Par la rédaction
La capitale congolaise a connu une journée de quasi-paralysie ce lundi 26 janvier 2026, à la suite de nouvelles mesures affectant le secteur des transports. Fonctionnaires bloqués, écoles fermées, activités économiques perturbées : la situation a suscité de vives réactions, notamment celle du député national Auguy Kalonji, élu du district de Tshangu, qui dénonce une décision aux conséquences lourdes pour la population.
Dans une déclaration rendue publique, l’élu estime que les mesures imposées récemment aux transporteurs – incluant de nouvelles taxes et obligations – ont été prises sans une préparation suffisante ni une évaluation de leur impact réel sur la vie quotidienne des Kinois.
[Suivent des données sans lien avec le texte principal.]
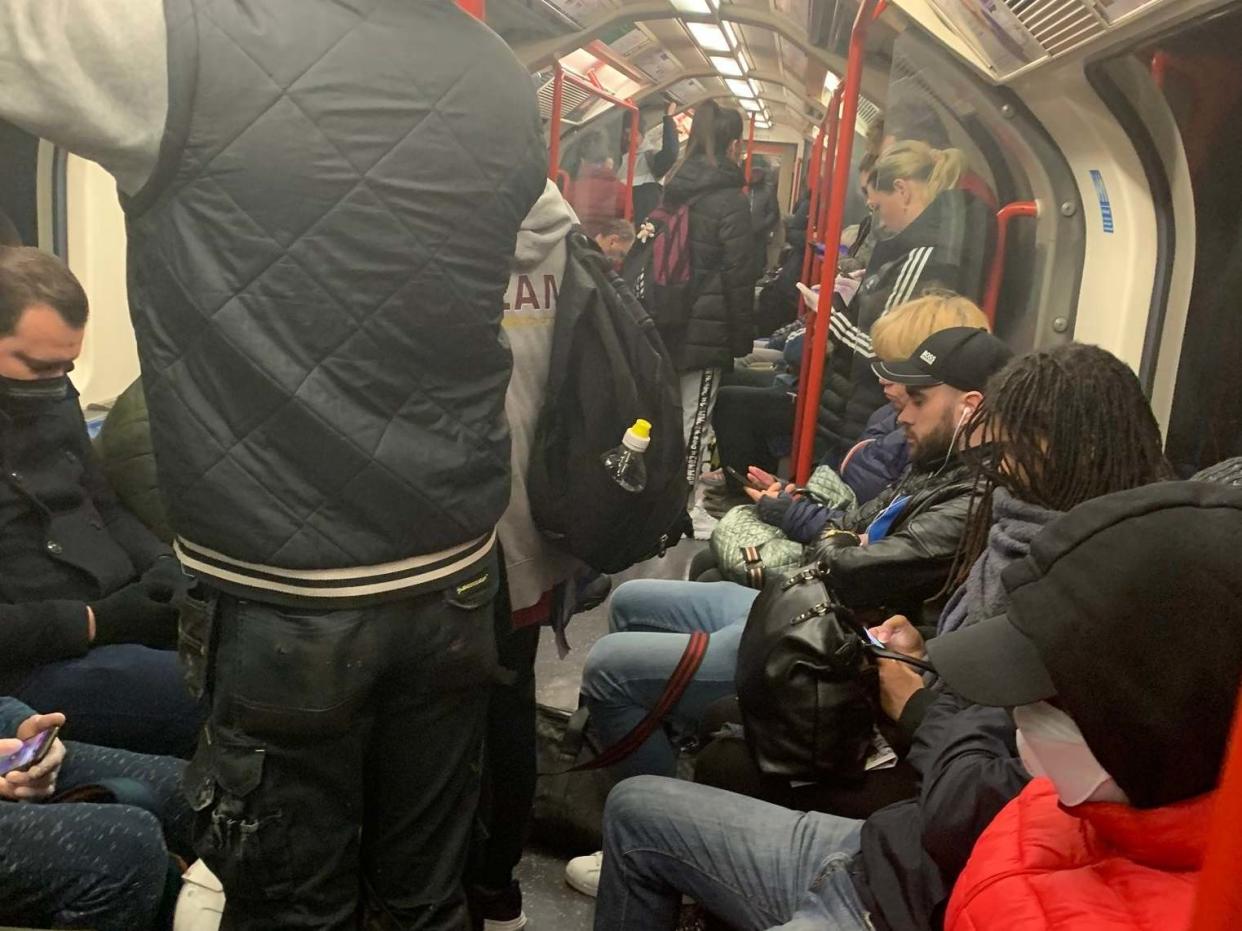 A crowded carriage on a London central line train the day after prime minister Boris Johnson put the UK in lockdown to help curb the spread of coronavirus: @ajadmiah2/PA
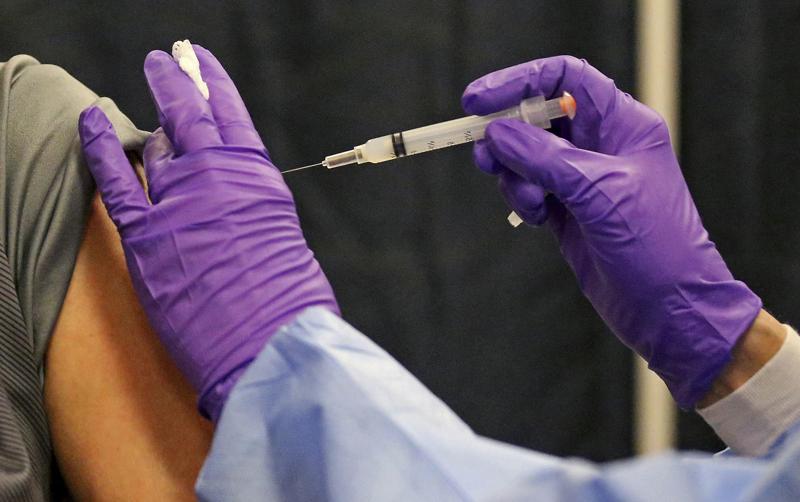 FILE - A man gets a COVID-19 vaccine at a mass vaccination site at the Natick Mall on Wednesday, Feb. 24, 2021, in Natick, Mass.  U.S. experts are expected to recommend COVID-19 vaccine boosters for all Americans, regardless of age, eight months after they received their second dose of the shot, to ensure lasting protection against the coronavirus as the delta variant spreads across the country. An announcement was expected as soon as this week, with doses beginning to be administered widely once the Food and Drug Administration formally approves the vaccines. (Matt Stone/The Boston Herald via AP, Pool)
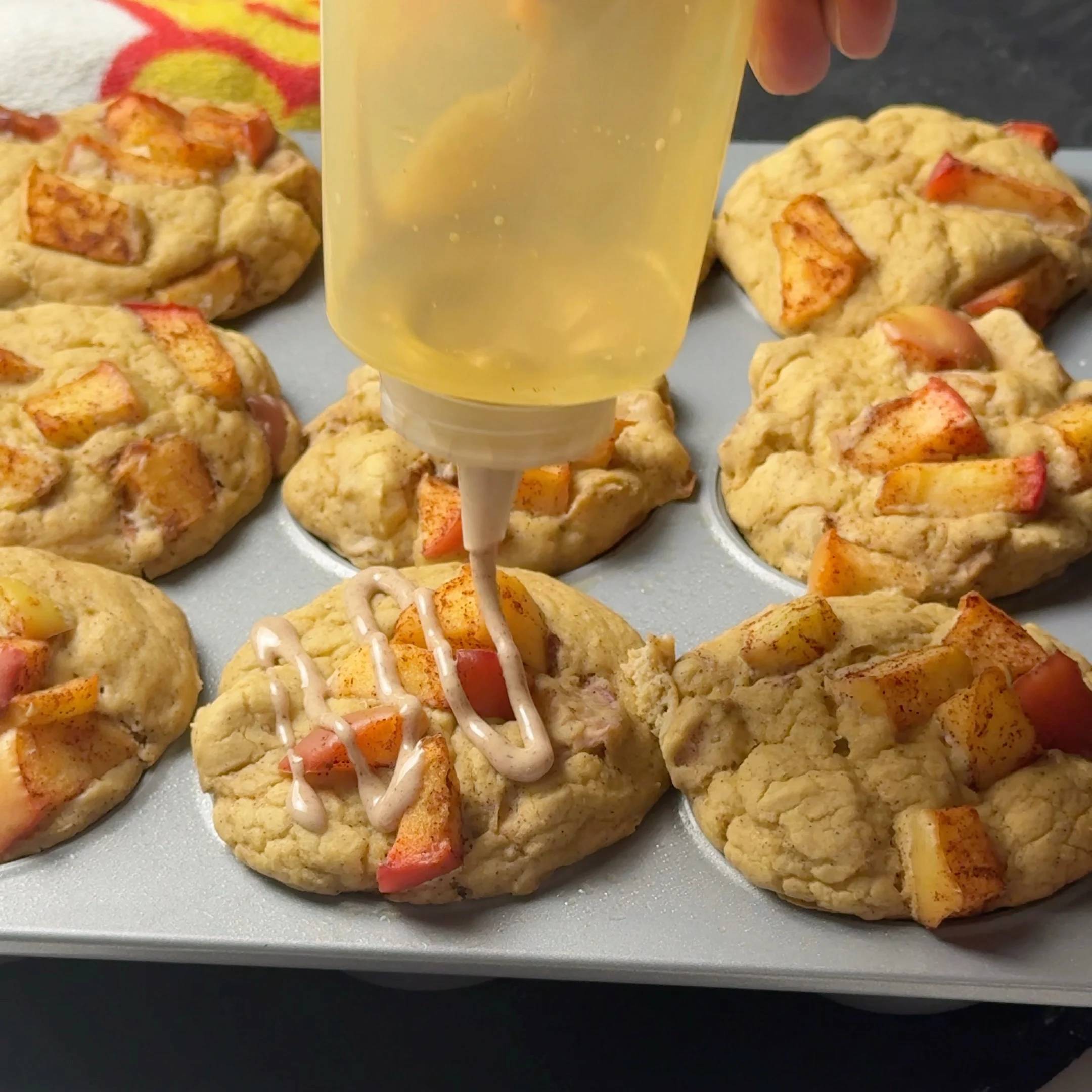 Apple pie protein muffins being finished with cinnamon glaze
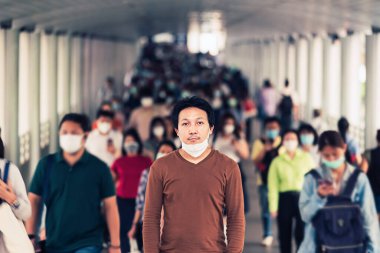 Bangkok taşımacılığında yoğun iş saatlerinde Coronavirus salgınını önlemek için cerrahi maske takan tanınmayan iş adamlarının arasında yürüyen Asyalı bir adam.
> « En un mois, imposer plusieurs taxes et obligations alors que la ville ne fonctionne pas normalement est inacceptable », a-t-il déclaré.
Une capitale à l’arrêt
Selon le député, cette situation a entraîné l’arrêt de nombreux services publics. Les administrations n’ont pas fonctionné, les élèves et étudiants n’ont pas pu se rendre à l’école, tandis que plusieurs secteurs de l’économie informelle et formelle ont été durement affectés.
Le district de Tshangu, fortement dépendant des transports en commun pour relier ses différentes communes au centre-ville, aurait été particulièrement touché. « La population s’est retrouvée sans alternatives, livrée à elle-même », déplore l’élu.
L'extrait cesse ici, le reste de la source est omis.